# How to complete this task
Print the records below exactly, with no pictures.

# Supplied records
----------

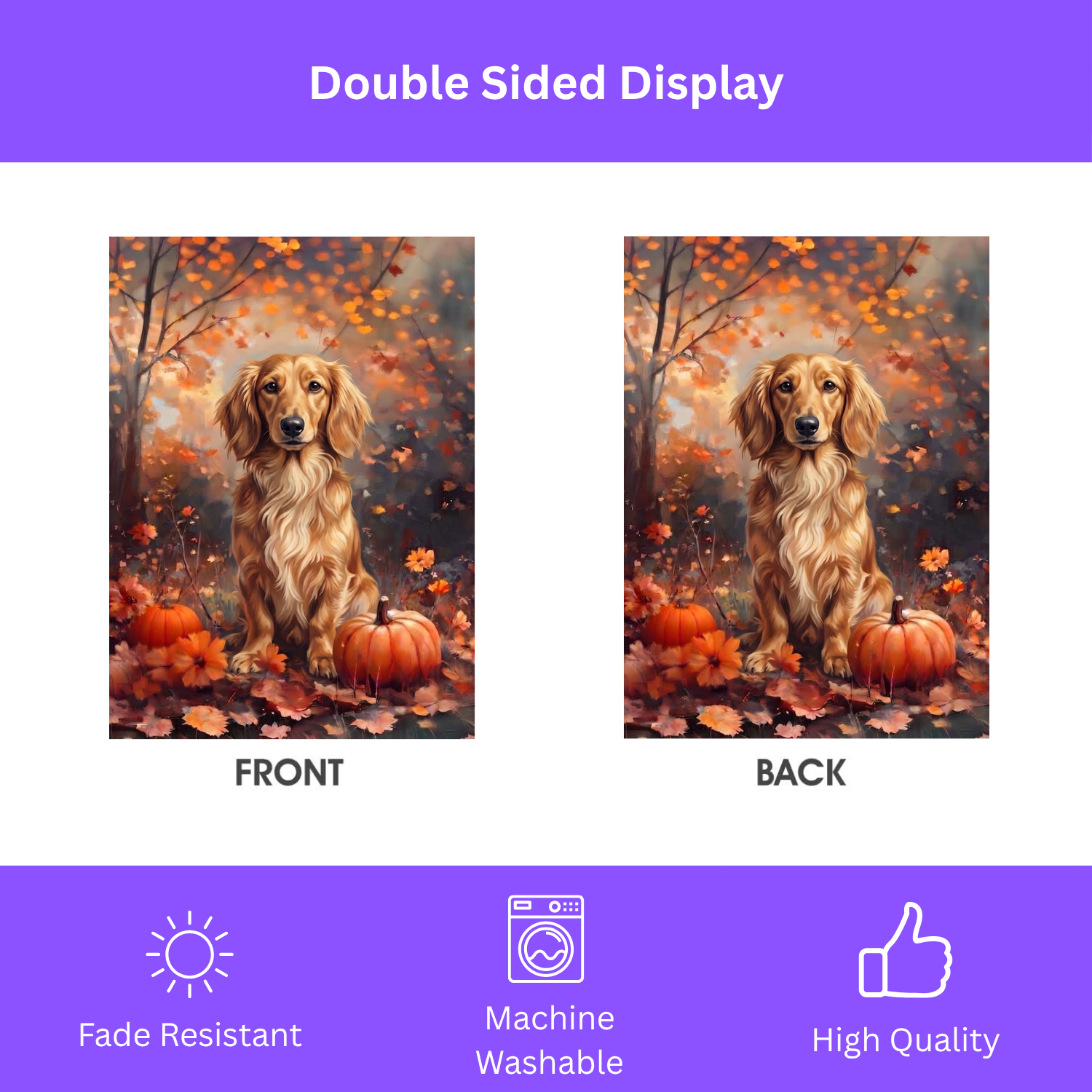 Fall Long Hair Dachshund With Pumpkins Autumn Garden Flag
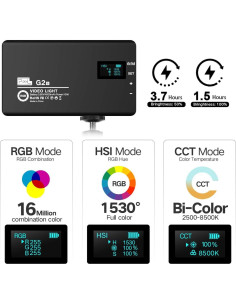 Luz de Cámara RGB Pixel MD25 con Batería 4000mAh y 10 Efectos 2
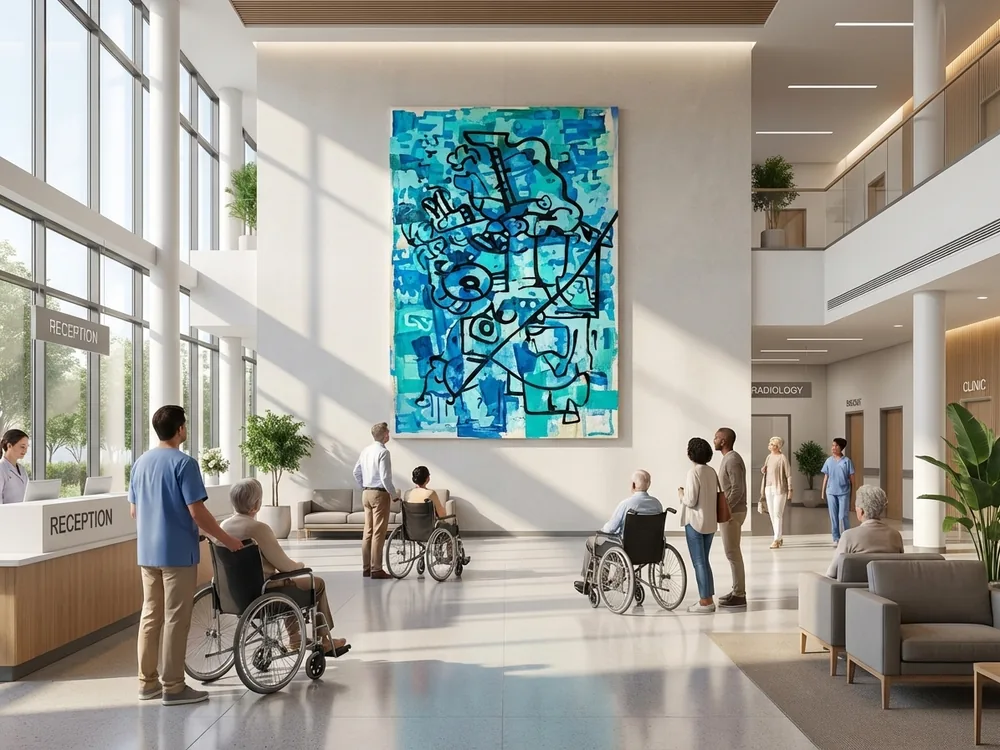 Fresque visible dans le hall du bâtiment de santé terminé, incluant visiteurs et fauteuils roulants.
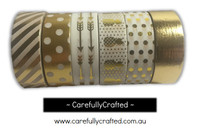 Foil Washi Tape - Set of 6 - Light Gold Washi Tapes - 15mm x 10 metres each - High Quality Masking Tape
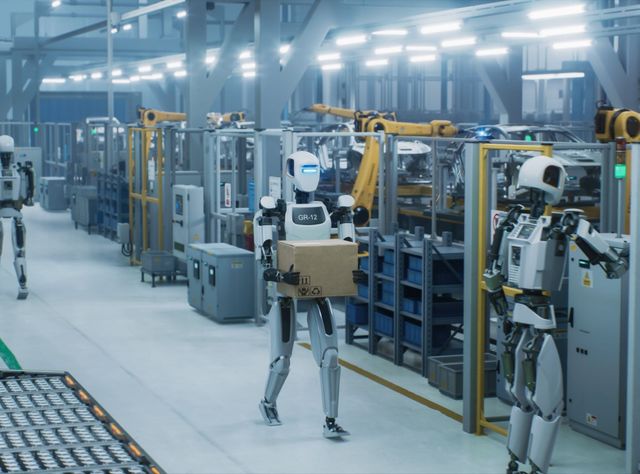 Humanoide Roboter arbeiten autonom in einer Fabrik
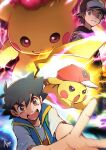  2boys artist_name ash_ketchum ayo_(ayosanri009) baseball_cap black_hair closed_mouth electricity gigantamax gigantamax_pikachu hat multiple_boys official_alternate_costume open_mouth orange_eyes pikachu pokemon pokemon_(creature) pokemon_(game) pokemon_masters_ex red_(pokemon) 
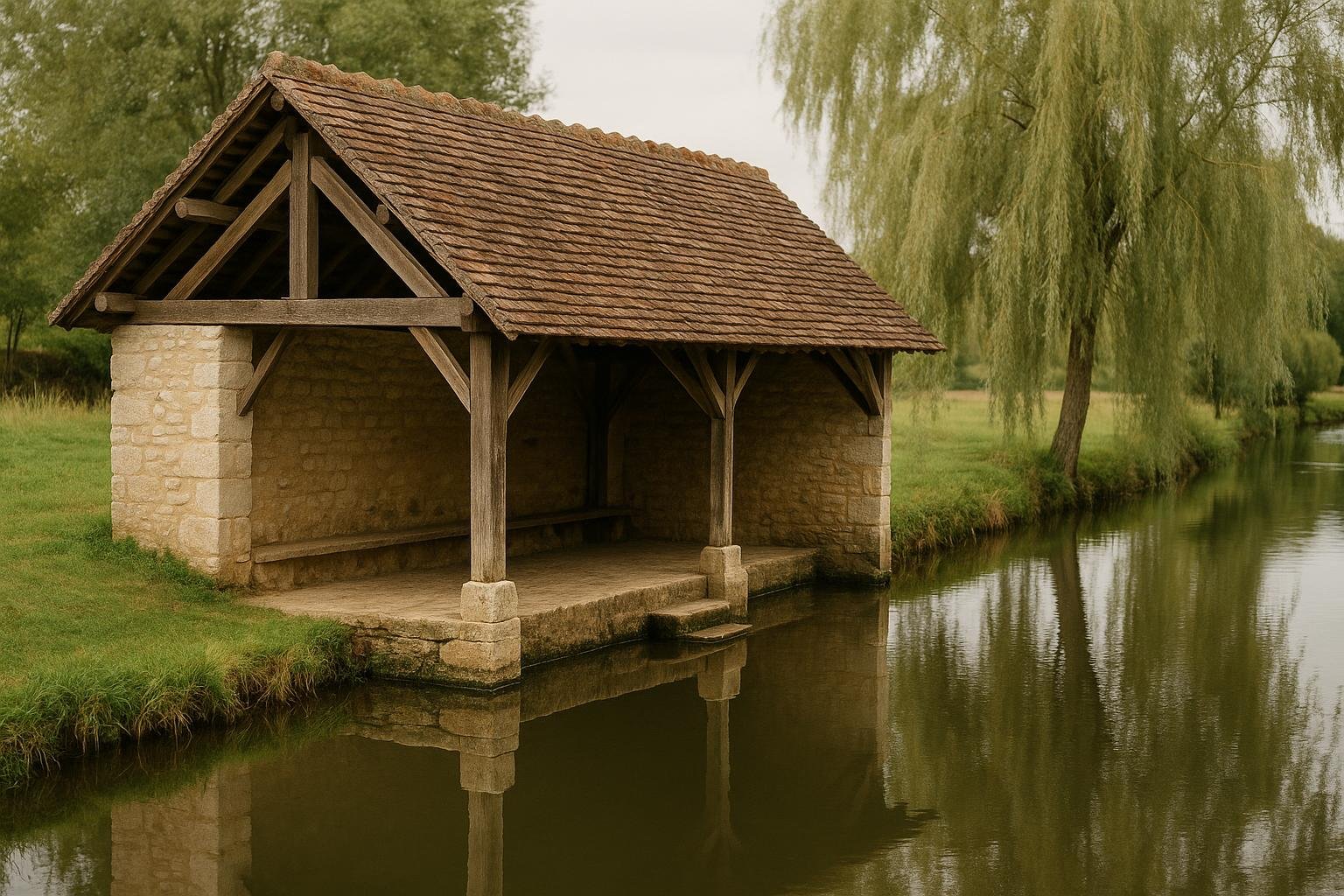 Lavoir couvert en bois et pierre au bord d’une rivière calme, toit de petites tuiles brunes, marches descendant vers l’eau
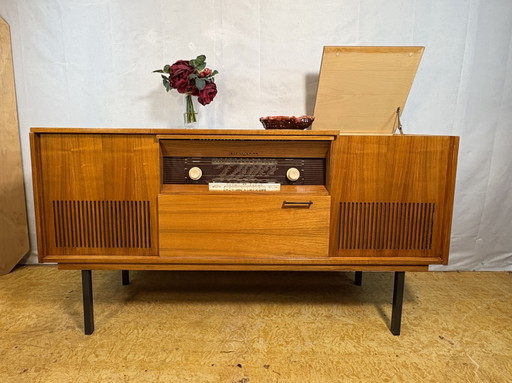 Mid Century Retro Vintage Figured Teak Sideboard Radiogram – Loewe Radio & Record Player (1960s–1970s)
.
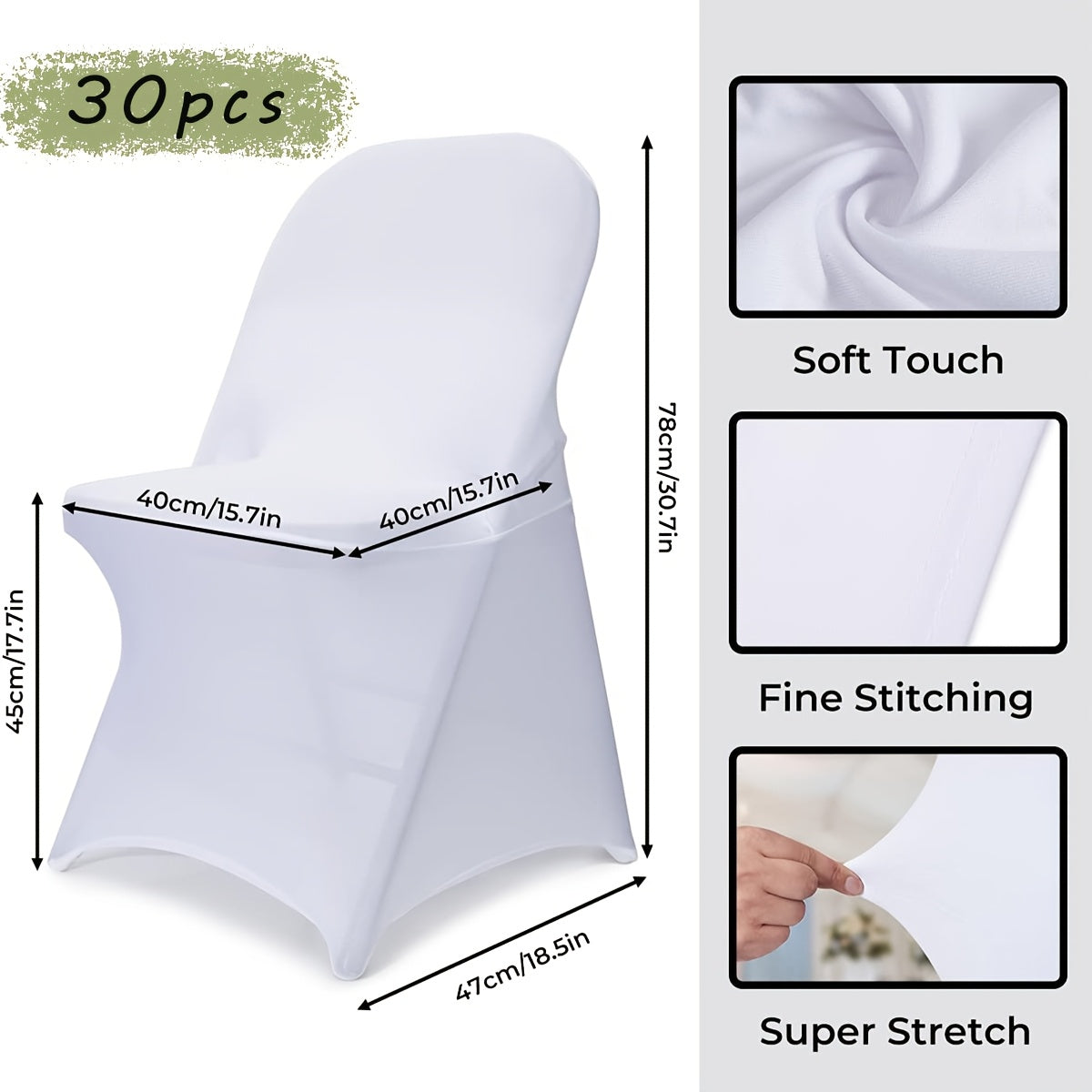 TEMU 30pcs Stretch Spandex Chair Covers - Folding Kitchen Chairs Cover, Universal Washable Slipcovers Protector, Removable Chair Seat Covers, For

----------

# Task output
 Fall Long Hair Dachshund With Pumpkins Autumn Garden Flag
 Luz de Cámara RGB Pixel MD25 con Batería 4000mAh y 10 Efectos 2
 Fresque visible dans le hall du bâtiment de santé terminé, incluant visiteurs et fauteuils roulants.
 Foil Washi Tape - Set of 6 - Light Gold Washi Tapes - 15mm x 10 metres each - High Quality Masking Tape
 Humanoide Roboter arbeiten autonom in einer Fabrik
  2boys artist_name ash_ketchum ayo_(ayosanri009) baseball_cap black_hair closed_mouth electricity gigantamax gigantamax_pikachu hat multiple_boys official_alternate_costume open_mouth orange_eyes pikachu pokemon pokemon_(creature) pokemon_(game) pokemon_masters_ex red_(pokemon) 
 Lavoir couvert en bois et pierre au bord d’une rivière calme, toit de petites tuiles brunes, marches descendant vers l’eau
 Mid Century Retro Vintage Figured Teak Sideboard Radiogram – Loewe Radio & Record Player (1960s–1970s)
.
 TEMU 30pcs Stretch Spandex Chair Covers - Folding Kitchen Chairs Cover, Universal Washable Slipcovers Protector, Removable Chair Seat Covers, For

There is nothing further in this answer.